Ze statystyk instytucji rentowych wynika, że lekarze orzekający o zdrowiu wydają coraz mniej orzeczeń o niezdolności do pracy.
Do otrzymania renty z tego tytułu konieczne jest odpowiednie orzeczenie lekarza Zakładu Ubezpieczeń Społecznych. Za niezdolną do pracy uznaje się osobę, która całkowicie lub częściowo utraciła zdolność do pracy zarobkowej z powodu naruszenia sprawności organizmu i nie rokuje jej odzyskania po przekwalifikowaniu.
Według danych ZUS w ciągu ostatnich czterech lat liczba wydanych orzeczeń dla celów rentowych spadła o ok. 12 proc. (w 2007 wydano ich prawie 11 tys. mniej niż w 2004 r.).
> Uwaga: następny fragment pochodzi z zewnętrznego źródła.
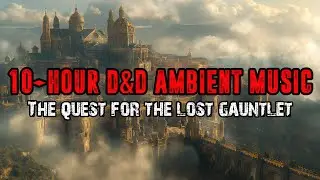 10-Hour Dungeons & Dragons Ambient Music - MEGA MIX - The Quest for the Lost Gauntlet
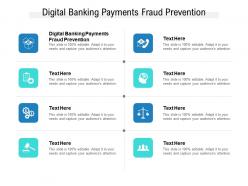 Digital banking payments fraud prevention ppt powerpoint presentation layouts model cpb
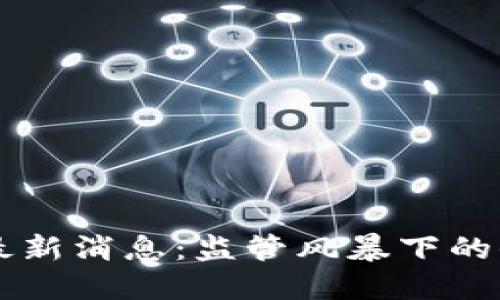 区块链被抓最新消息：监管风暴下的去中心化未来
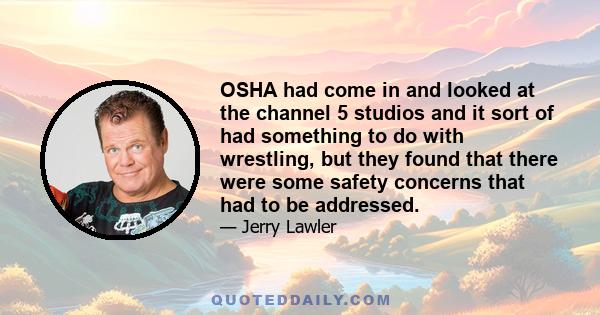 OSHA had come in and looked at the channel 5 studios and it sort of had something to do with wrestling, but they found that there were some safety concerns that had to be addressed.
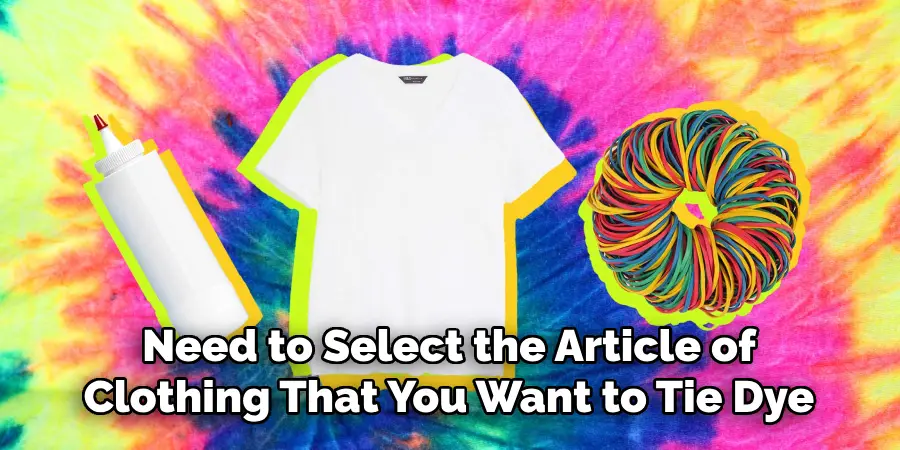 Need to Select the Article of Clothing That You Want to Tie Dye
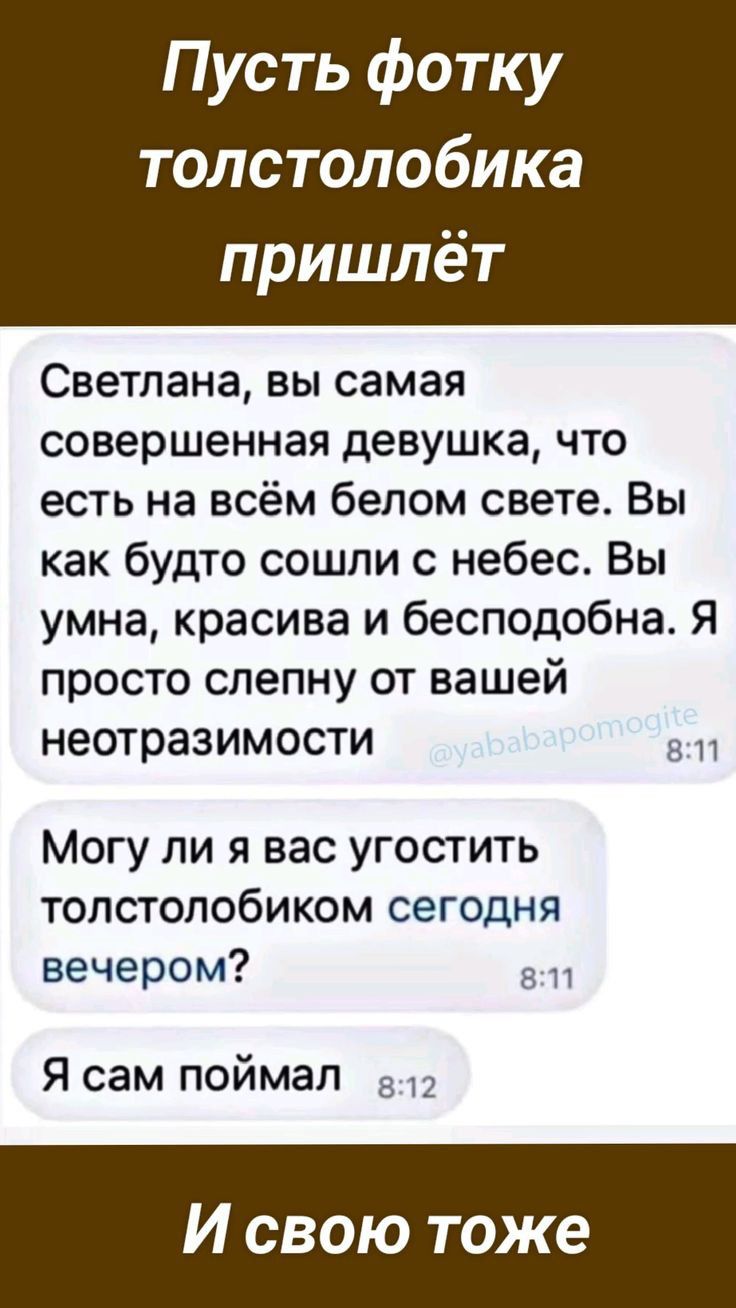 Пусть фотку толстолобика пришлёт Светлана вы самая совершенная девушка что есть на всём белом свете Вы как будто сошли с небес Вы умна красива и бесподобна Я просто слепну от вашей неотразимости Могу ли я вас угостить толстолобиком сегодня вечером Я сам поймал Г Ке 1е кег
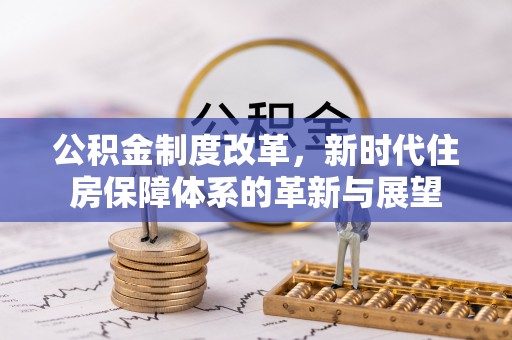 宏伟公积金制度改革，新时代住房保障体系的革新与展望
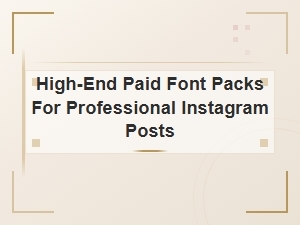 Premium Fonts for Professional Instagram Posts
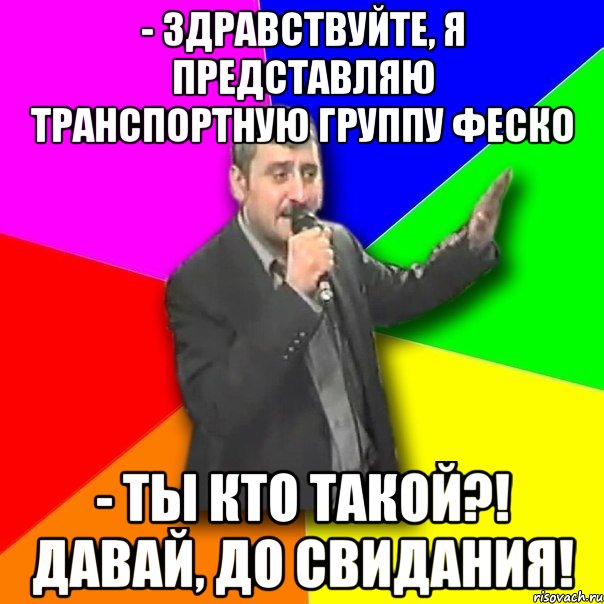 - Здравствуйте, я представляю транспортную группу ФЕСКО - Ты кто такой?! Давай, до свидания!, Мем Давай досвидания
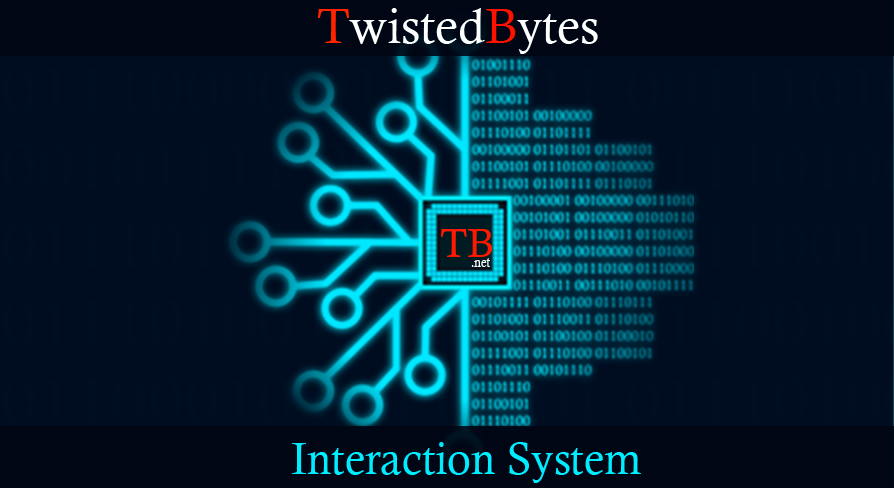TwistedBytes Interaction System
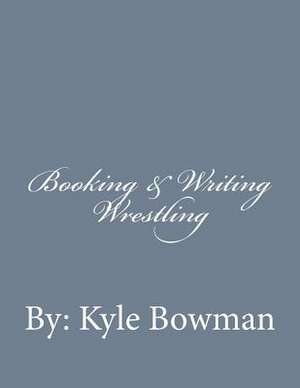 Booking & Writing Wrestling de Kyle Bowman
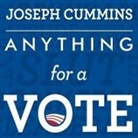 Joseph Cummins, Tom Perkins - Anything for a Vote: Dirty Tricks, Cheap Shots, and October Surprises in U.S. Presidential Campaigns (Audiolibro)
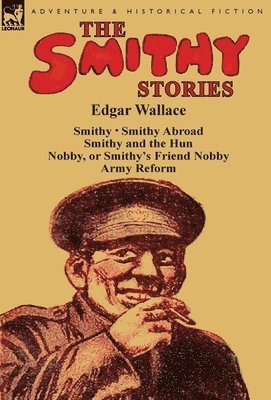 Edgar Wallace - Smithy Stories, Inbunden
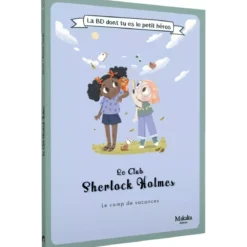 Le Club Sherlock Holmes - Le Camp de Vacances : La BD dont tu es le petit héros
Wynika z tego, że coraz mniej osób stara się o renty.
W ubiegłym roku lekarze wydali 91,8 tys. orzeczeń dla celów rentowych. Średnio z dziesięciu osób składających wniosek o rentę na pozytywne rozstrzygnięcie orzecznika ZUS może liczyć około sześciu.
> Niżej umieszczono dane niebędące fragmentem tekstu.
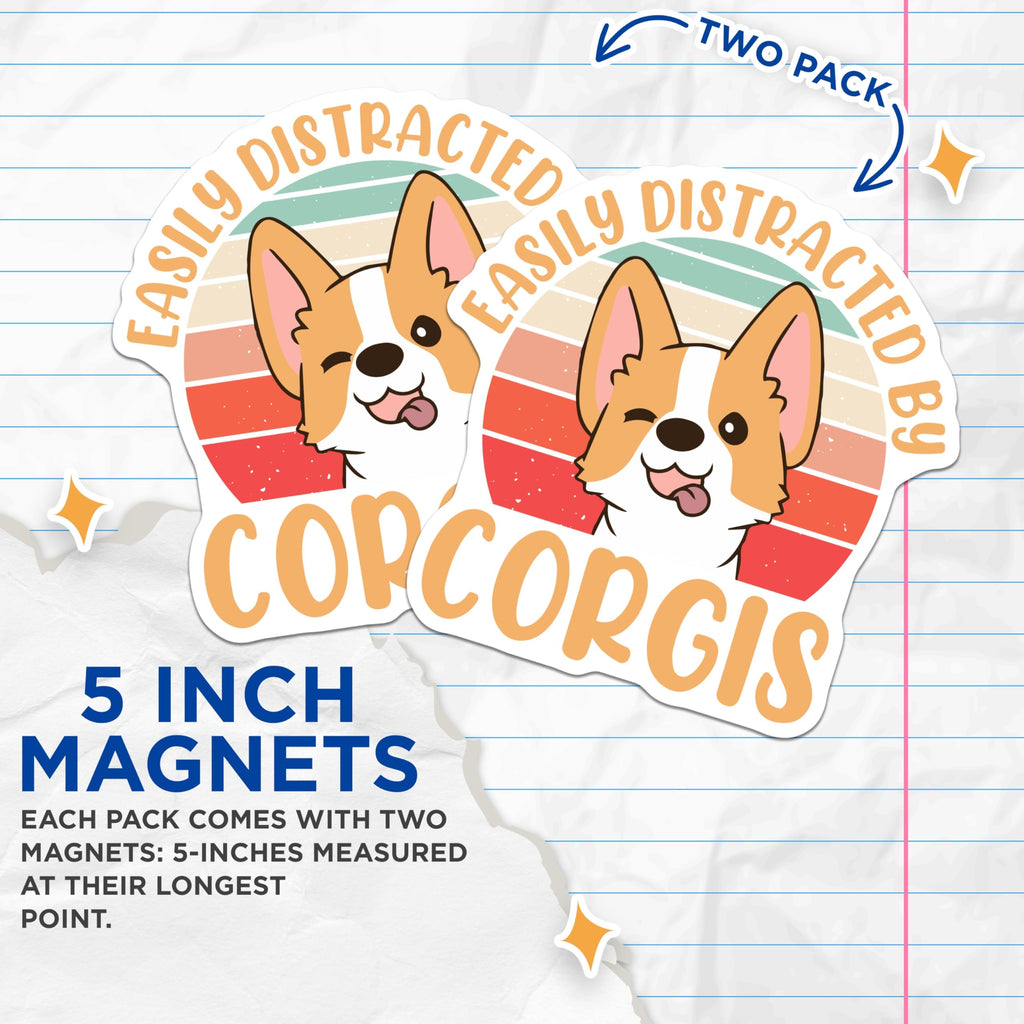 (2 Pack) Easily Distracted By Corgis Magnets - Funny Dog Lover Fridge Decor - Cute Corgi Pet Owner Magnet - 5 Inches On Longest Side - Thick Durable Magnet - Made in USA - MAG19350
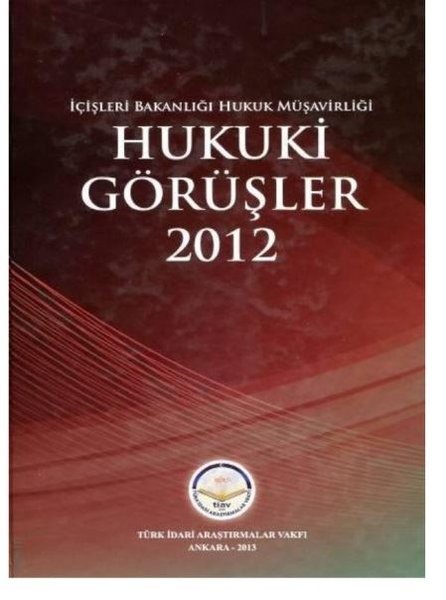 Hukuki Görüşler - 2012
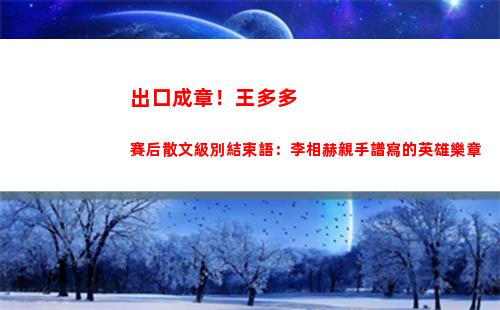 出口成章！王多多賽后散文級別結束語：李相赫親手譜寫的英雄樂章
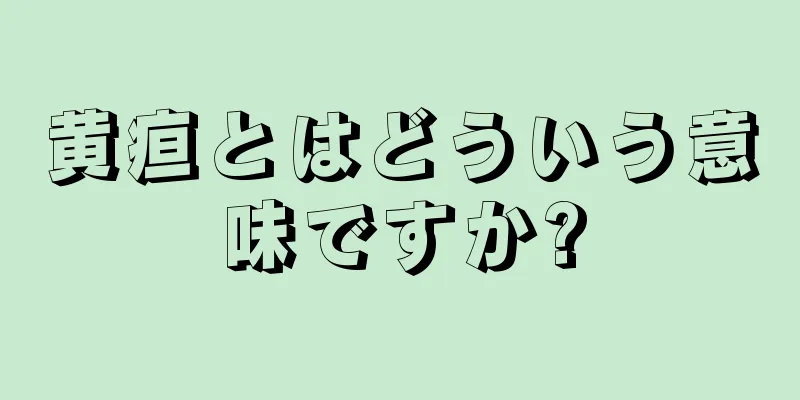 黄疸とはどういう意味ですか?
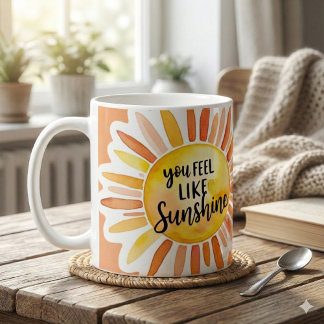 You Feel Like Sunshine Photo Mug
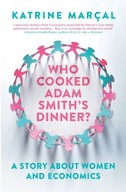 Who Cooked Adam Smith s Dinner?: A Story About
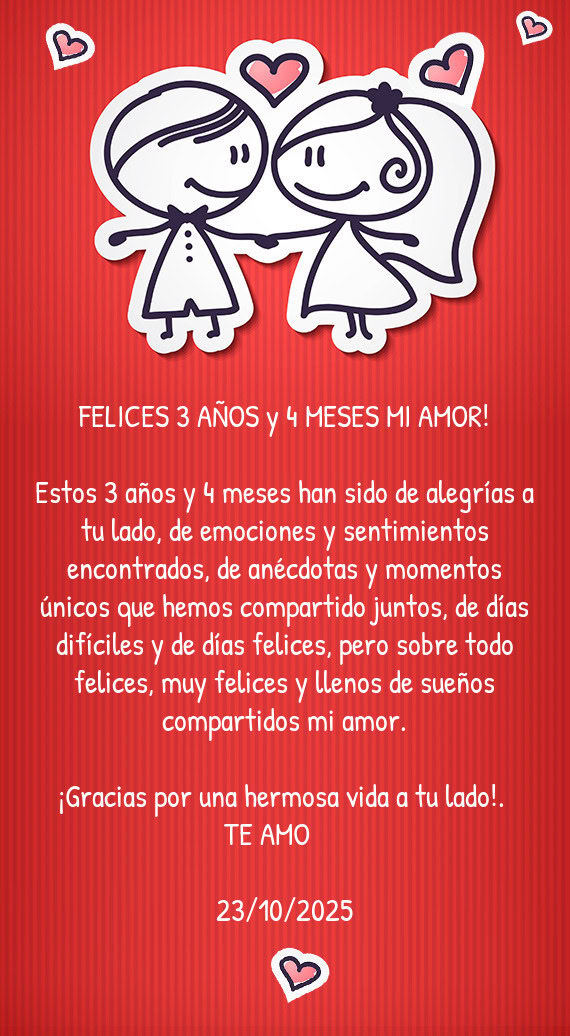 FELICES 3 AÑOS y 4 MESES MI AMOR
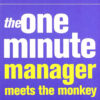 THE ONE MINUTE MANAGER MEETS THE MONKEY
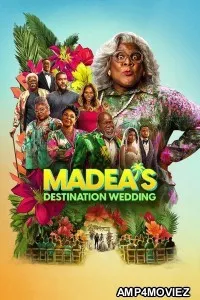 Madeas Destination Wedding (2025) ORG Hindi Dubbed Movie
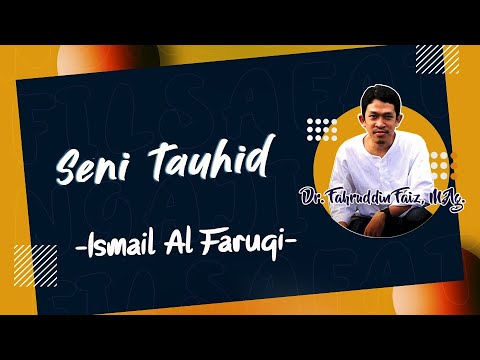 Ismail Al Faruqi : Seni Tauhid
Przeważająca większość otrzymuje orzeczenie o niezdolności do pracy na określony czas (pisaliśmy o tym w „Rz” z 7 kwietnia). Tylko mniej niż jedna osoba na dziesięć dostanie je na stałe. Jest ich zresztą coraz mniej. Od 2004 r. procent orzeczeń stwierdzających trwałą niezdolność do pracy spadł z 13 do ok. 8 w 2007 r. W rezultacie coraz mniej rent jest przyznawanych na stałe.